▶ _STORED DATA_
|---|

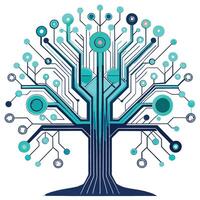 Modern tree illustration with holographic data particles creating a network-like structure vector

|---|

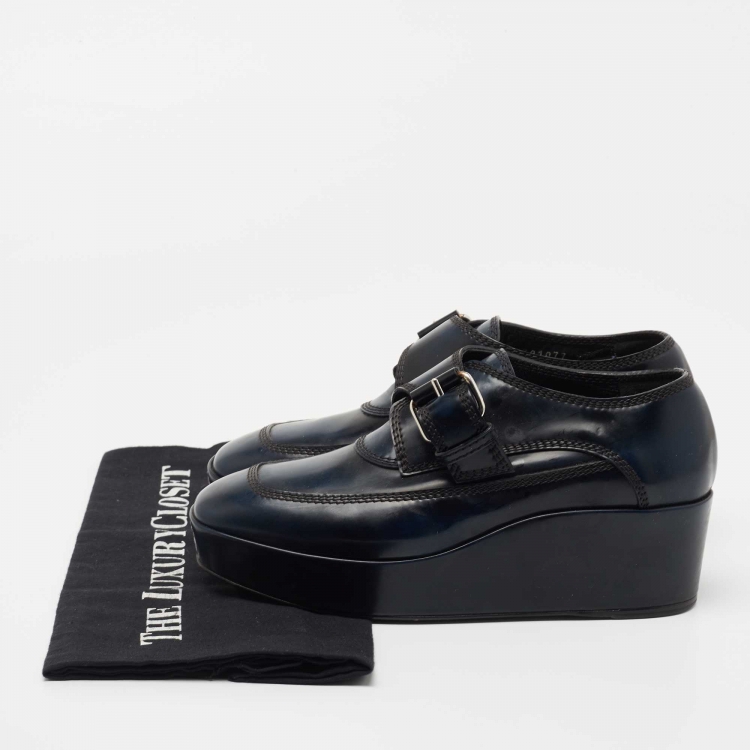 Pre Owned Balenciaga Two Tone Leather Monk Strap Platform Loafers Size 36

|---|

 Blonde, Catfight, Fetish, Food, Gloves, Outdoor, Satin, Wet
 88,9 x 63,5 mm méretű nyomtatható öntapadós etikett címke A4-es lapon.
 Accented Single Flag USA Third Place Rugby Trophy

|---|

▶ _YOUR INSTRUCTIONS_
Retype, exactly and in full, the lines above from the one containing "Blonde, Catfight, Fetish, Food, Gloves, Outdoor, Satin, Wet" through the one containing "Accented Single Flag".

▶ _ANSWER FOR THE TASK_
 Blonde, Catfight, Fetish, Food, Gloves, Outdoor, Satin, Wet
 88,9 x 63,5 mm méretű nyomtatható öntapadós etikett címke A4-es lapon.
 Accented Single Flag USA Third Place Rugby Trophy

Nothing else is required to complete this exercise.